● Input for this task:
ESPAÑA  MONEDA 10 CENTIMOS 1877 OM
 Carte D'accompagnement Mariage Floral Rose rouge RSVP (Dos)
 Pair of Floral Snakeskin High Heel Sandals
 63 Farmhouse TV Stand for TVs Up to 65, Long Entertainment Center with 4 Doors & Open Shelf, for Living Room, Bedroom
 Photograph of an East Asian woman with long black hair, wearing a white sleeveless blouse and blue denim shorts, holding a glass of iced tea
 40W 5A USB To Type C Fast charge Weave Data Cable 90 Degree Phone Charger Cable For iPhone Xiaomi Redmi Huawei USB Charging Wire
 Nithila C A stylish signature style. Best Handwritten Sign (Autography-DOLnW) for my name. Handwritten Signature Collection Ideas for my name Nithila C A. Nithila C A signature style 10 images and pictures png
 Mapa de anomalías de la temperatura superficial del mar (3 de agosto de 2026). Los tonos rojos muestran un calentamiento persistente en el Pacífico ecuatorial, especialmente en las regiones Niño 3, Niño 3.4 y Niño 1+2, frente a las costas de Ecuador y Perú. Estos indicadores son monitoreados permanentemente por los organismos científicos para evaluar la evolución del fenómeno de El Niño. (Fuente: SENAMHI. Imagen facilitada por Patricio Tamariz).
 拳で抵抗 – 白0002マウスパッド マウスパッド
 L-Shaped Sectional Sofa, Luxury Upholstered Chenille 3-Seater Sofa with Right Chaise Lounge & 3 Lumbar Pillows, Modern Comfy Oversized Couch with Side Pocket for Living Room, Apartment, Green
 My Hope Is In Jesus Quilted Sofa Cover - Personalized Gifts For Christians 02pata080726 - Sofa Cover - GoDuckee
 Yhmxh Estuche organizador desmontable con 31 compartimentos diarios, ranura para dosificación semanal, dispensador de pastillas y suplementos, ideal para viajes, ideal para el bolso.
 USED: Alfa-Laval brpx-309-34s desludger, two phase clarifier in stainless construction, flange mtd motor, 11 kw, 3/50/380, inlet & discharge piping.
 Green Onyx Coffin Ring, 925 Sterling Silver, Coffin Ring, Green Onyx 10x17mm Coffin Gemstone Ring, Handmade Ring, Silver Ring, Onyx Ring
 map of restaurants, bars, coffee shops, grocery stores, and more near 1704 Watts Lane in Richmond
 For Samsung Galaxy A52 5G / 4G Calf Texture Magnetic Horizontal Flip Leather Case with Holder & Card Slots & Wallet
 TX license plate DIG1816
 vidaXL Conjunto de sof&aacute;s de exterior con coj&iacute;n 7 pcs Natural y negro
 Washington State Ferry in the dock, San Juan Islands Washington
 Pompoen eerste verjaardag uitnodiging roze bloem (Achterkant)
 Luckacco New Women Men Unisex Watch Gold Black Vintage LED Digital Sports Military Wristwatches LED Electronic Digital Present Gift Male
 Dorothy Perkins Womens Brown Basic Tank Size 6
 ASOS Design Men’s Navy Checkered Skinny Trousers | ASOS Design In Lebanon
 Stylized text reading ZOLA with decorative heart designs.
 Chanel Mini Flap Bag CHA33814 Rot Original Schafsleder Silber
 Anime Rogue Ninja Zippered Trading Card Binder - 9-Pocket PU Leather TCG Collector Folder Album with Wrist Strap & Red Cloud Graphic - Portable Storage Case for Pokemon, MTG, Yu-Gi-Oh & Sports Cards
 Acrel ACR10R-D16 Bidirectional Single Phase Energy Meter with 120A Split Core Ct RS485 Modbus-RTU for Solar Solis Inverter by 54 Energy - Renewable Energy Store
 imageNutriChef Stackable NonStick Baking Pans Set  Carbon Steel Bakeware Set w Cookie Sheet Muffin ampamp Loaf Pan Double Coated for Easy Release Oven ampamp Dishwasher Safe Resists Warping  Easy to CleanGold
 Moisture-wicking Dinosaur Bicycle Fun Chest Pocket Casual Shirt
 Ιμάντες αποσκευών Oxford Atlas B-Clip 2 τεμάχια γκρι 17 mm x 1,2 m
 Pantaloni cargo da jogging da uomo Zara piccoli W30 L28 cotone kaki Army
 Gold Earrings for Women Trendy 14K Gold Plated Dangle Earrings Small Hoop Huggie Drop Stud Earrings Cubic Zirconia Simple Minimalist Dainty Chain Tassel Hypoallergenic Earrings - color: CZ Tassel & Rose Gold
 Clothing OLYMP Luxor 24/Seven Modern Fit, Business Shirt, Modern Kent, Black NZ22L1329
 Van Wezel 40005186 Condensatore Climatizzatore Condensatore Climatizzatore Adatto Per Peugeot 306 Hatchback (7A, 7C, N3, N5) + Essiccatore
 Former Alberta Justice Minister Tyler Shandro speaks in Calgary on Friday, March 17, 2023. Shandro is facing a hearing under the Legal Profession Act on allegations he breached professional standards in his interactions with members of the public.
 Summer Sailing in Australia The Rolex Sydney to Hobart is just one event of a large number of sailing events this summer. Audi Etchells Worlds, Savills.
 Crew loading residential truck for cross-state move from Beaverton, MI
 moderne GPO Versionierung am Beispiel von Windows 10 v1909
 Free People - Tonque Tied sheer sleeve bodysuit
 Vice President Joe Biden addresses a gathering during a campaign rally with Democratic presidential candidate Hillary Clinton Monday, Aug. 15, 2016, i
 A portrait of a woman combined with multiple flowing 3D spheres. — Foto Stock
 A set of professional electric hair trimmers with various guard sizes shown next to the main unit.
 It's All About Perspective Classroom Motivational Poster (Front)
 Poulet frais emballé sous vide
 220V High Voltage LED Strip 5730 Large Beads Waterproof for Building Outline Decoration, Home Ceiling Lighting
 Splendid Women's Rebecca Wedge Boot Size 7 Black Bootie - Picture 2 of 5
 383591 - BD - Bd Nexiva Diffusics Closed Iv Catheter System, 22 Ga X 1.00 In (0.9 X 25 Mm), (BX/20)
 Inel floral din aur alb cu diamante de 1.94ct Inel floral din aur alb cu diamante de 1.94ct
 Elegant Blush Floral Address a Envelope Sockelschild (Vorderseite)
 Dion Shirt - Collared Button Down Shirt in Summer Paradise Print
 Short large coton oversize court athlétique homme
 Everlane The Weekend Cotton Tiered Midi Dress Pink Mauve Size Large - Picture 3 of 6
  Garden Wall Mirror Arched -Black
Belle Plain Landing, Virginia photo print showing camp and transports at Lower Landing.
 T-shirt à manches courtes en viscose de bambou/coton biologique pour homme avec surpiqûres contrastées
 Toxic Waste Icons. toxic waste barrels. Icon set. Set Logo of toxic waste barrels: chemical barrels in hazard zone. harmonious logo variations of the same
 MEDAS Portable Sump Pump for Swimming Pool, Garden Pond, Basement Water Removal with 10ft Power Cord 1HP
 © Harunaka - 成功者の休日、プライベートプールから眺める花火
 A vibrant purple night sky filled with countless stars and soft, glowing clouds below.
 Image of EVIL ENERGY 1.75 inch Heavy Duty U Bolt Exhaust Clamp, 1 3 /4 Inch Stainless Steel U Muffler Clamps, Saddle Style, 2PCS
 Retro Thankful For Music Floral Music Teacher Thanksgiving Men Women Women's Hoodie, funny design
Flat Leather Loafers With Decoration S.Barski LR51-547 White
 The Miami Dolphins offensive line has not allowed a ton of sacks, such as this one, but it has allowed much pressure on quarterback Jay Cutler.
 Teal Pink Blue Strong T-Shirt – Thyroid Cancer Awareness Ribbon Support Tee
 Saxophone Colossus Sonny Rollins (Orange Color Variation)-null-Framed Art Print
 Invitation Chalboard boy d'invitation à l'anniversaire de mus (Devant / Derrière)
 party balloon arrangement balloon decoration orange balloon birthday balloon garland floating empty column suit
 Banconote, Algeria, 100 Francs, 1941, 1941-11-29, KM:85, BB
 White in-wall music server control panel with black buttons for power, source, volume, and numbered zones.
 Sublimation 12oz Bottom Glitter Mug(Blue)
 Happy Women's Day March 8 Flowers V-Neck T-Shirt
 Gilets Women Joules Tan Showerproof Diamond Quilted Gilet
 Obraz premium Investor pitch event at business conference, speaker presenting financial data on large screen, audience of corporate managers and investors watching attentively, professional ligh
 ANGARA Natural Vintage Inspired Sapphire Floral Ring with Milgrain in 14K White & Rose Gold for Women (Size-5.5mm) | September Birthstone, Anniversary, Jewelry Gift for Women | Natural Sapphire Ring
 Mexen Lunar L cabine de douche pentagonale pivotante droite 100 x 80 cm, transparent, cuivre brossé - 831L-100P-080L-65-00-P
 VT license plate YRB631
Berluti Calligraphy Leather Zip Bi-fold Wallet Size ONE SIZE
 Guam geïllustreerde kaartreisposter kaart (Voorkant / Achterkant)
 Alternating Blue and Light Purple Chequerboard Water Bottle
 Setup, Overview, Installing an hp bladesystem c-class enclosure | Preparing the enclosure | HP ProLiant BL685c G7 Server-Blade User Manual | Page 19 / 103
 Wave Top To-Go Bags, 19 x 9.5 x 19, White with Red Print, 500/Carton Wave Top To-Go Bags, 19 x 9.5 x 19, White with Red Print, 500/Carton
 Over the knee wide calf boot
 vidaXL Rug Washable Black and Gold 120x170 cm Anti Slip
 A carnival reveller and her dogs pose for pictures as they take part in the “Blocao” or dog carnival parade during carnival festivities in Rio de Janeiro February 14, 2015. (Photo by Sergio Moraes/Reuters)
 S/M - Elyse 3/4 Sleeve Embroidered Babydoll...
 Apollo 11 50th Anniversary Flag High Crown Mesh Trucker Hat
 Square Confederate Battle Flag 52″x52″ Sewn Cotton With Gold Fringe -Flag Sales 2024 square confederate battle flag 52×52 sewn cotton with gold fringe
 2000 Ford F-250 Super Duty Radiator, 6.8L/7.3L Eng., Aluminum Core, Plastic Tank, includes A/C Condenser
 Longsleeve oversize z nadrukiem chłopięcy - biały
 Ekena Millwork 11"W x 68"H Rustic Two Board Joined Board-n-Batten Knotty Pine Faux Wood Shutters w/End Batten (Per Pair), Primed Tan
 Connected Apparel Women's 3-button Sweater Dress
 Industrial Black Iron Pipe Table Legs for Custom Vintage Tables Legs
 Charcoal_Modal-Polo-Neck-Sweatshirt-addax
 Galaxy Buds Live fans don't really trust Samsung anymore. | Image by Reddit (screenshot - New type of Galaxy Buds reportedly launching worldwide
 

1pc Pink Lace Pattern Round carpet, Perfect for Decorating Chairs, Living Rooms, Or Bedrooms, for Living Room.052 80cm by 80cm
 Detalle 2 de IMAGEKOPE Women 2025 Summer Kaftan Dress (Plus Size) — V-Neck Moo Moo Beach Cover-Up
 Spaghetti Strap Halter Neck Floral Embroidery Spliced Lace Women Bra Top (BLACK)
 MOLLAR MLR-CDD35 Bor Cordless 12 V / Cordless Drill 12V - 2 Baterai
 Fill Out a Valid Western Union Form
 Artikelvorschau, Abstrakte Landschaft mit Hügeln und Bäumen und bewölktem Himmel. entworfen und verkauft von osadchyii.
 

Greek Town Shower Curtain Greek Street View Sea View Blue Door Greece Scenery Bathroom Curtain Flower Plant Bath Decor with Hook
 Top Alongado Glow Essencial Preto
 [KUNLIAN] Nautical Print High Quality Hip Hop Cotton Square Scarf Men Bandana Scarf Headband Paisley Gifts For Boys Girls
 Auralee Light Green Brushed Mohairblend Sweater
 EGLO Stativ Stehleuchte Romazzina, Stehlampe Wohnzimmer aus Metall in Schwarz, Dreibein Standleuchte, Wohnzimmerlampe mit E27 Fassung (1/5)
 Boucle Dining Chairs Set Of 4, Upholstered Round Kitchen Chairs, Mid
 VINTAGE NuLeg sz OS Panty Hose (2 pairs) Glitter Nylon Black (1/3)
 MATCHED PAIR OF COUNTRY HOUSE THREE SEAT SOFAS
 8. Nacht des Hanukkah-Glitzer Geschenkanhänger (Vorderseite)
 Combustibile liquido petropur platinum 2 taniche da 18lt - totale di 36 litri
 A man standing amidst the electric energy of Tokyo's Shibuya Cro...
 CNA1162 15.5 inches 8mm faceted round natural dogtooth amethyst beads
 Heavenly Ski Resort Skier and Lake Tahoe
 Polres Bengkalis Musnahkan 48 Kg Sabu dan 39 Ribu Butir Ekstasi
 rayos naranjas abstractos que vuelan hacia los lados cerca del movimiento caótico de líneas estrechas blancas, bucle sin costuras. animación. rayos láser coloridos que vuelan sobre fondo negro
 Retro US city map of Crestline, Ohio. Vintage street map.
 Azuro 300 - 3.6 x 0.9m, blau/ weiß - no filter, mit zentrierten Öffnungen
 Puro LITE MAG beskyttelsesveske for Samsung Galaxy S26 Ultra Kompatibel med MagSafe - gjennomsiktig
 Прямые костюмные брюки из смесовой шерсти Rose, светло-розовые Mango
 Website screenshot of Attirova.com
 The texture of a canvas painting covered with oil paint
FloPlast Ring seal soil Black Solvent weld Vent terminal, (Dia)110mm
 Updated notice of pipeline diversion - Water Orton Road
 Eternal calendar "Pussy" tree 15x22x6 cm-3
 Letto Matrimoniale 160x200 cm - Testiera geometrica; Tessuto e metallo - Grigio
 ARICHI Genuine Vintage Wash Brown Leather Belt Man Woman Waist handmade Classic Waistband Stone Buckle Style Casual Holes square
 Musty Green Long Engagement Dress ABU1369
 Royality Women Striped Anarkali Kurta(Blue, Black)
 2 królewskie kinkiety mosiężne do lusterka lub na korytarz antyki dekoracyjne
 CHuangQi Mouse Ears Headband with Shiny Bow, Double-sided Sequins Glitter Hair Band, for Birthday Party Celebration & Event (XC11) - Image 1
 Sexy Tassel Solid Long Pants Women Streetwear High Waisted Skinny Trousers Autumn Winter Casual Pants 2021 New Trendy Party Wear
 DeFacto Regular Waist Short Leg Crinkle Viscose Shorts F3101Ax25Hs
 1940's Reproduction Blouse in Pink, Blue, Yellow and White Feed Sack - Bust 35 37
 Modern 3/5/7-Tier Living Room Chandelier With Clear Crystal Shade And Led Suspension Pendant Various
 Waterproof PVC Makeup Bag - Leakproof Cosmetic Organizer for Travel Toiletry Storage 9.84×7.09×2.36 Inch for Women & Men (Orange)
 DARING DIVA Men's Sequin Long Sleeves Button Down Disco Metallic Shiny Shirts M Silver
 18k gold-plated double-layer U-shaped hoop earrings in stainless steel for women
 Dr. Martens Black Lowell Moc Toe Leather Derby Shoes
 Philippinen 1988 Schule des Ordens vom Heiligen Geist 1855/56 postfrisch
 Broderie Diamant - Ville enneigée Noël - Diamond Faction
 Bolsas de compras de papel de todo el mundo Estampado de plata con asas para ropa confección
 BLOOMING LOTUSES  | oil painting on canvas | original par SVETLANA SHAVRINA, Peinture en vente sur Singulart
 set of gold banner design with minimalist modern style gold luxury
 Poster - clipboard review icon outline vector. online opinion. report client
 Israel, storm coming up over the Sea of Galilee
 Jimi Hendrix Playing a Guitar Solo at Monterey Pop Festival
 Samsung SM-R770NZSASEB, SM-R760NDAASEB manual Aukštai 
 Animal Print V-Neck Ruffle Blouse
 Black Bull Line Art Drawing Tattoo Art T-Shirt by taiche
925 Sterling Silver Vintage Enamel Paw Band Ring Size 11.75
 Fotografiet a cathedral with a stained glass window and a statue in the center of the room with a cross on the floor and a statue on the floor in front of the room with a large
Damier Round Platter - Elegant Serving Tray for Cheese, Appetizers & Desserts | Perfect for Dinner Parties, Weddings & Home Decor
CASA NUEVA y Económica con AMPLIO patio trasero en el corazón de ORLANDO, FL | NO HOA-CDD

● Exercise instructions: Lines to set down from above: the line with "rayos naranjas abstractos", the line with "Royality Women Striped", and every line between, each exactly as written.

● Answer box:
 rayos naranjas abstractos que vuelan hacia los lados cerca del movimiento caótico de líneas estrechas blancas, bucle sin costuras. animación. rayos láser coloridos que vuelan sobre fondo negro
 Retro US city map of Crestline, Ohio. Vintage street map.
 Azuro 300 - 3.6 x 0.9m, blau/ weiß - no filter, mit zentrierten Öffnungen
 Puro LITE MAG beskyttelsesveske for Samsung Galaxy S26 Ultra Kompatibel med MagSafe - gjennomsiktig
 Прямые костюмные брюки из смесовой шерсти Rose, светло-розовые Mango
 Website screenshot of Attirova.com
 The texture of a canvas painting covered with oil paint
FloPlast Ring seal soil Black Solvent weld Vent terminal, (Dia)110mm
 Updated notice of pipeline diversion - Water Orton Road
 Eternal calendar "Pussy" tree 15x22x6 cm-3
 Letto Matrimoniale 160x200 cm - Testiera geometrica; Tessuto e metallo - Grigio
 ARICHI Genuine Vintage Wash Brown Leather Belt Man Woman Waist handmade Classic Waistband Stone Buckle Style Casual Holes square
 Musty Green Long Engagement Dress ABU1369
 Royality Women Striped Anarkali Kurta(Blue, Black)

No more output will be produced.